■ WORK ITEM ■
From the first line to the last, transcribe the data exactly and skip the pictures.

■ EXTRACTED DATA ■
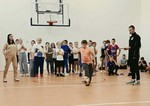 Otrzęsiny klas IV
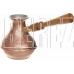 TIMA ВК-400C Восточная красавица медная 0,4л со сьемной ручкой
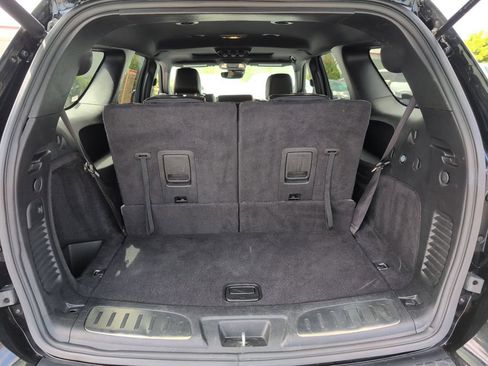 Used 2025 Dodge Durango GT AWD/4WD image 29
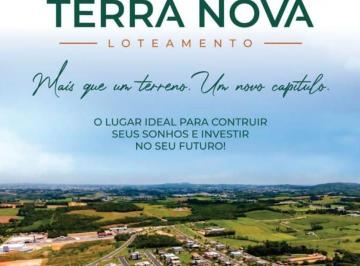 Terreno , Morro da Fumaça · Terreno de 468 m² à venda na Cidade de Morro da Fumaça/SC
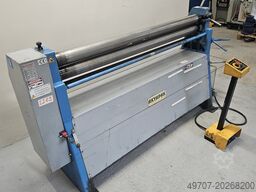 AKYAPAK AS 1550X90 2,5mm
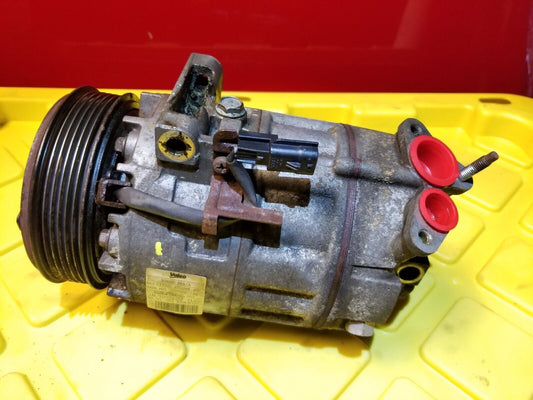 07 - 12 Nissan Sentra A/c Compresor 2.0l OEM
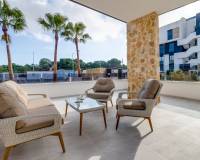 Resale - Bungalow - Rojales - Ciudad Quesada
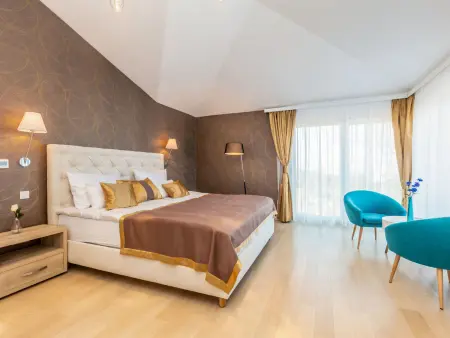 Roko, Villa 10 personnes à Krk Malinska - Photo 27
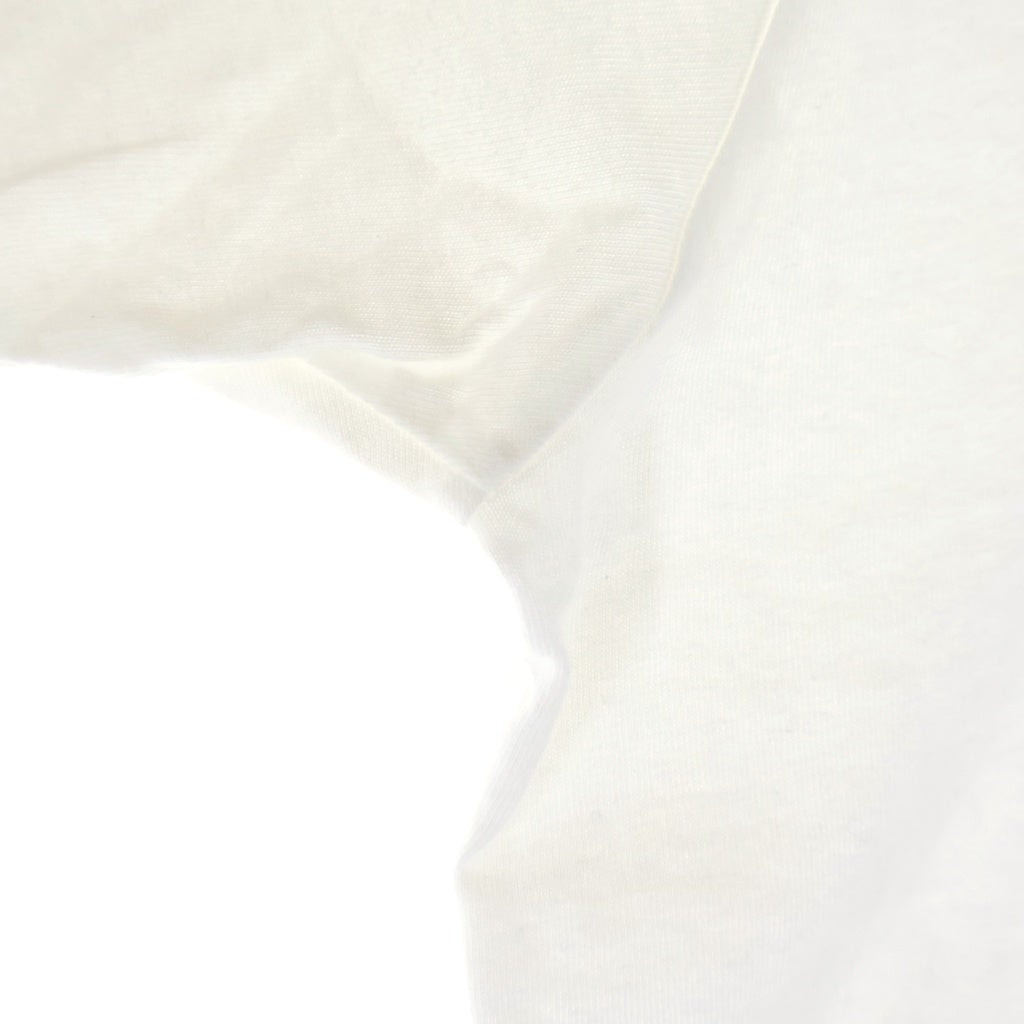 SUPREME(シュプリーム) 19AW Bandana Box Logo Tee バンダナ ボックスロゴ プリント クルーネック 半袖Tシャツ カットソー ホワイト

■ RESPONSE TO THE EXERCISE ■
 Otrzęsiny klas IV
 TIMA ВК-400C Восточная красавица медная 0,4л со сьемной ручкой
 Used 2025 Dodge Durango GT AWD/4WD image 29
 Terreno , Morro da Fumaça · Terreno de 468 m² à venda na Cidade de Morro da Fumaça/SC
 AKYAPAK AS 1550X90 2,5mm
 07 - 12 Nissan Sentra A/c Compresor 2.0l OEM
 Resale - Bungalow - Rojales - Ciudad Quesada
 Roko, Villa 10 personnes à Krk Malinska - Photo 27
 SUPREME(シュプリーム) 19AW Bandana Box Logo Tee バンダナ ボックスロゴ プリント クルーネック 半袖Tシャツ カットソー ホワイト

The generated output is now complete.